Depuis 11 mois, le Sénégal attend en vain un décaissement d’environ 350 millions d’euros (230 milliards FCFA) du Fonds monétaire international. Un retard dû en partie par des irrégularités notées dans les comptes publics avec une dette qui a explosé à 99%. Devant cette situation, le premier ministre Ousmane Sonko considère que « trop d’importance est accordée à cette institution de Bretton Woods », alors qu’il faut compter sur ses propres ressources pour le développement endogé et la souveraineté. 

Ibrahima Dieng

À l’issue d’une mission tenue du 24 mars au 9 avril 2025 à Abidjan, les services du FMI et les autorités ivoiriennes ont conclu un accord au niveau technique sur la quatrième revue du programme de réformes soutenu par la Facilité élargie de crédit (FEC) et le Mécanisme élargi de crédit (MEC), ainsi que sur la troisième revue du programme climatique appuyé par la Facilité pour la résilience et la durabilité (FSR). Avec cet accord, ce pays attend deux nouveaux décaissements d’un montant cumulé de 740 millions de dollars, qui devront être validés prochainement par le Conseil d’administration du FMI.

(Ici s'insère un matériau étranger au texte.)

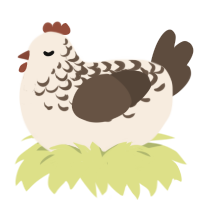 A cream and bark chicken with a half-lace pattern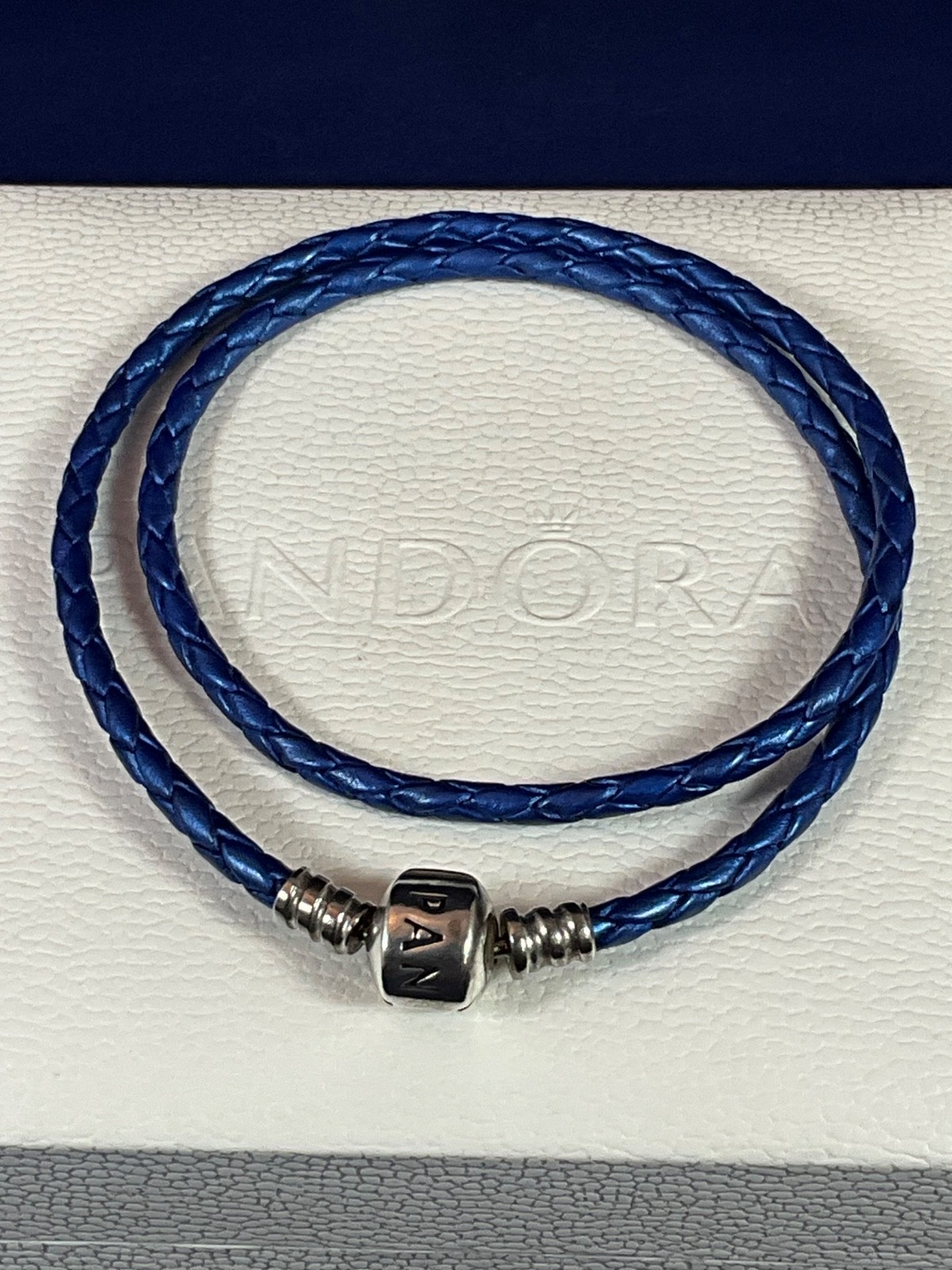 NWOT Pandora 925 Royal Blue Leather Bracelet 15″/38cm 590705CRB-D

Si la Côte d’Ivoire, première puissance de l’Union économique et monétaire ouest africaine (UEMOA), entrevoit un décaissement, c’est loin d’être le cas pour le Sénégal. En effet, depuis un an, le pays attend en vain des fonds de cette institution de Bretton Woods. Au mois de juin 2024, 230 milliards FCFA était attendu par le pays pour renflouer dans un contexte de déficit budgétaire élevé à 11%. « A l’issue de l’examen du Conseil d’administration du Fonds monétaire international (FMI), prévu en juillet, le Sénégal aura accès à 230 milliards de FCFA, si tout se passe bien », avait annoncé en conférence de presse, le chef de la mission du FMI au Sénégal, M. Gemayel, lors d’une réunion le mercredi 19 juin 2024 au ministère des Finances et du Budget.

Aujourd’hui près d’un an après, le constat est que malgré quatre réunions tenue entre les deux parties entre Washington et Dakar, les choses n’ont pas bougé, l’enveloppe attendue n’a pas été décaissée. Ce qui est sûr, est que le Sénégal a urgemment besoin de ces fonds. Car il y a quelques semaines, le président de la République Bassirou Diomaye Faye alertait sur une situation financière morose. « Nous sommes un État contraint dont les marges de manœuvre budgétaire et financière n’existent quasiment plus, une Administration républicaine, mais manquant de cohérence et figée dans des schémas dépassés, alors même que les réalités socio-économiques évoluent rapidement, marquées notamment par la transformation numérique et l’essor de l’intelligence artificielle », a regretté le président. 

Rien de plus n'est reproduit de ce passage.